(DATA EXCERPT)

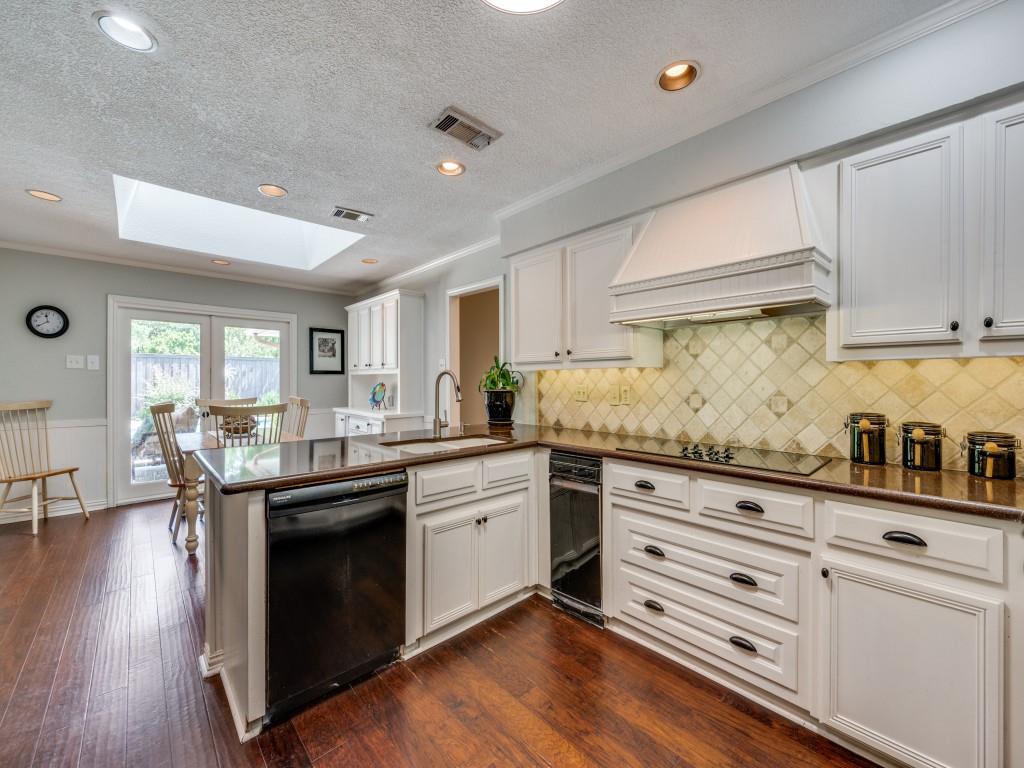 6115 Bluff Point Drive Property Photo 11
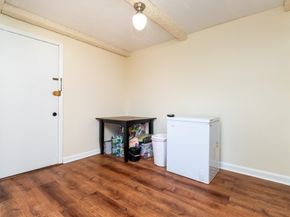 100 Oak Ln 12, Brockton MA 02301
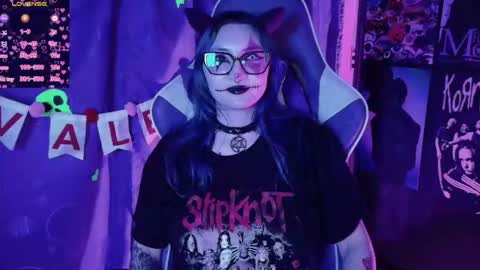 Snapshot of kimlennox__ chatting on 02/18/26, 02:02 Kim Lennox online show from 02/18/26, 02:02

(End DATA EXCERPT)

**PROBLEM TO SOLVE:** Every line from the one that holds "100 Oak Ln 12, Brockton MA 02301" to the end of the listing should be output exactly, with pictures left out, please.

**YOUR RESPONSE:**
 100 Oak Ln 12, Brockton MA 02301
 Snapshot of kimlennox__ chatting on 02/18/26, 02:02 Kim Lennox online show from 02/18/26, 02:02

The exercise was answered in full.